Tak Hanya Jago Bela Diri, Prisia Nasution Juga Peduli Pada Penderita Gangguan Mental

Tak cuma dikenal sebagai artis. Prisia Nasution juga miliki kepedulian sosial yg tinggi, kini ia juga mendirikan yayasan bagi penderita gangguan jiwa.

BERITA TERKAIT
  • Cerita Charles Chen miliarder yang berasal China, pernah tidak lulus ujian
  • LSM IAC berharap pemerintah bersikap serius menangani proses pengadaan obat ARV
  • Alasan kondom tidak boleh digunakan berulang kali

Phia, begitu ia akrab disapa, sedang fokus membuat yayasan buat meningkatkan kesadaran masyarakat mengenai cara menghadapi penderita gangguan jiwa.
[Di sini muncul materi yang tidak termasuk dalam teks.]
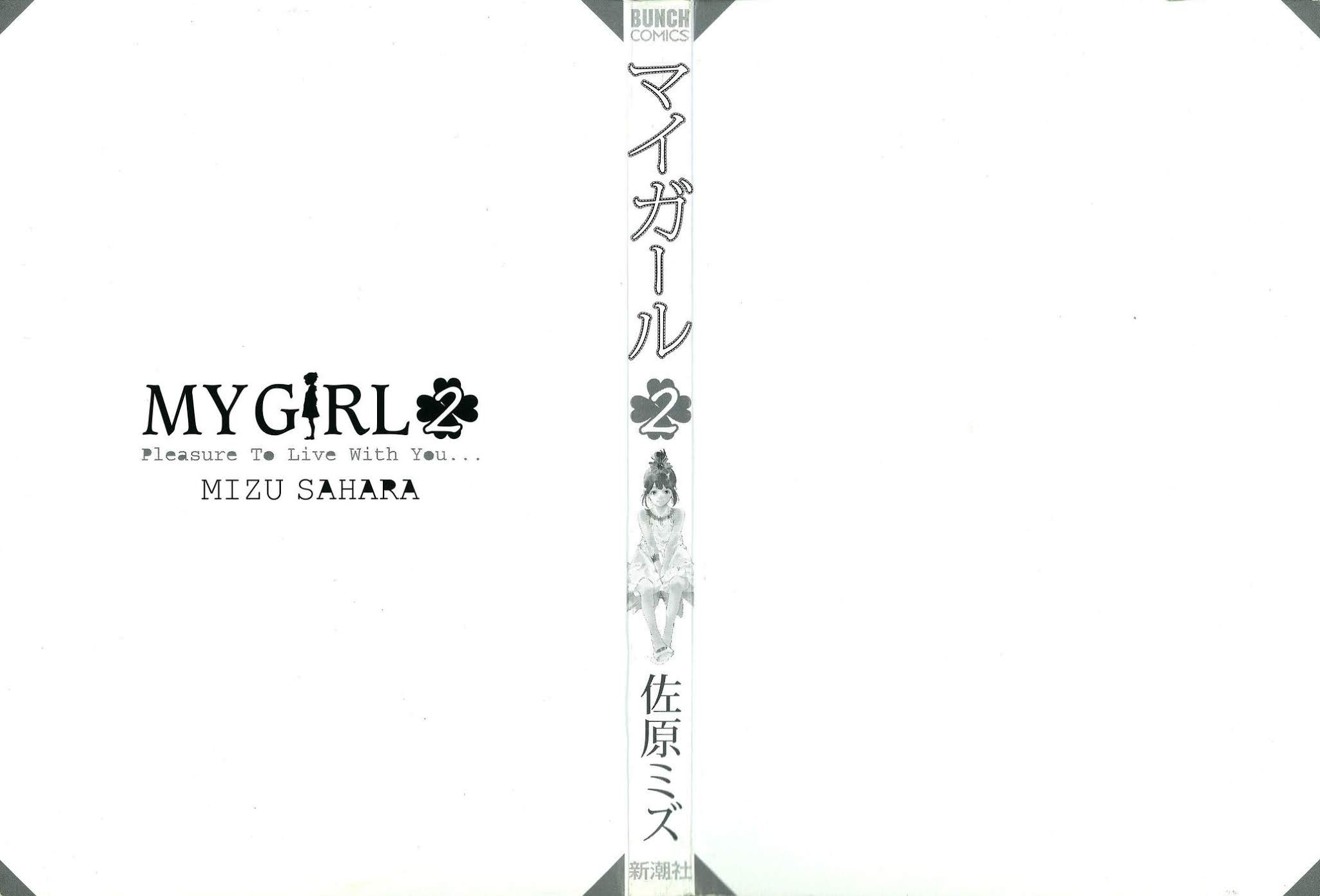 My Girl (SAHARA Mizu) Chapter 10 page 3 - Chapter 10: Afternoon on a Peaceful Day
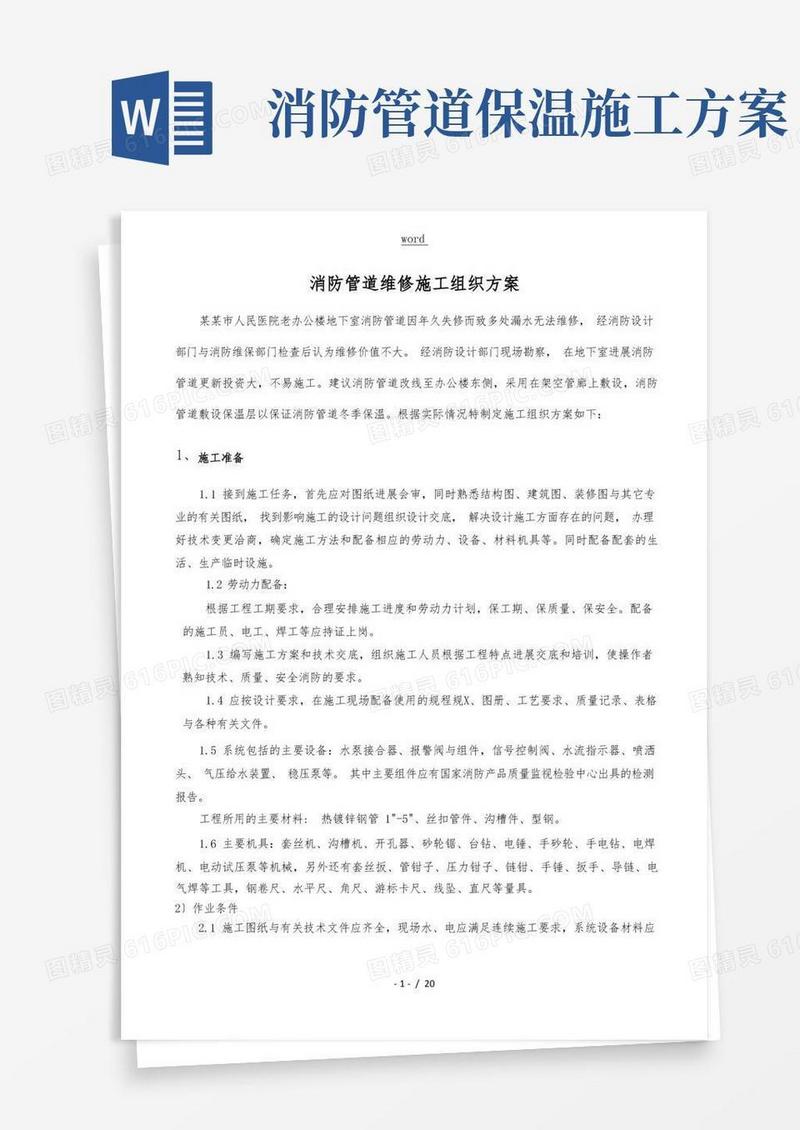 简易版消防管道维修施工组织方案设计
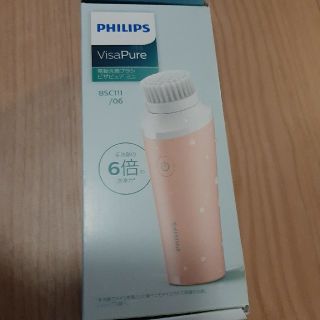 PHILIPS 未開封PHILIPS VisaPure ミニ洗顔ブラシの通販 by はな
Tidak menjauhi, justru menolong agar keadaannya lebih baik.

“Bagaimana agar kalian melihat mereka tak seperti alien,” katanya di Jakarta beberapa waktu lalu.

Tak hanya itu, perempuan yg jago bela diri itu juga berharap yayasannya mampu menolong orang mengenali ciri-ciri gangguan mental, misalnya depresi, sejak awal agar mampu menjalani mengatasinya sejak dini.

Kepedulian sosial Prisia Nasution tak muncul begitu saja. Pemeran aktivis lingkungan yg jadi guru di “Sokola Rimba” itu juga pernah menjadi guru sukarelawan di Ciwaluh, Bogor.

“Aku mengajar selama enam tahun di gunung, semuanya sendiri. Kenapa enggak dibikin lebih legit? Supaya nanti bantuan tercapai mampu lebih besar,” peraih Piala Citra itu mengungkapkan alasannya mendirikan yayasan.

Nantinya bakal ada urun dana buat menolong mereka yg butuh konsultasi ke psikiater juga obat-obat bagi penyakit jiwa. (Antara/Nanien Yuniar)

Membicarakan tentang pasien gangguan mental. Baru baru ini, di Depok , seorang mahasiswa UI diduga mengalami gangguan jiwa. Pada(30/7), Renzomemanjat atap rumah di kawasan Beji Depok, Jawa Barat. Dia naik ke atap rumah dalan keadaan tanpa busana. Perilaku pria berinisial R seketika mengundang perhatian warga.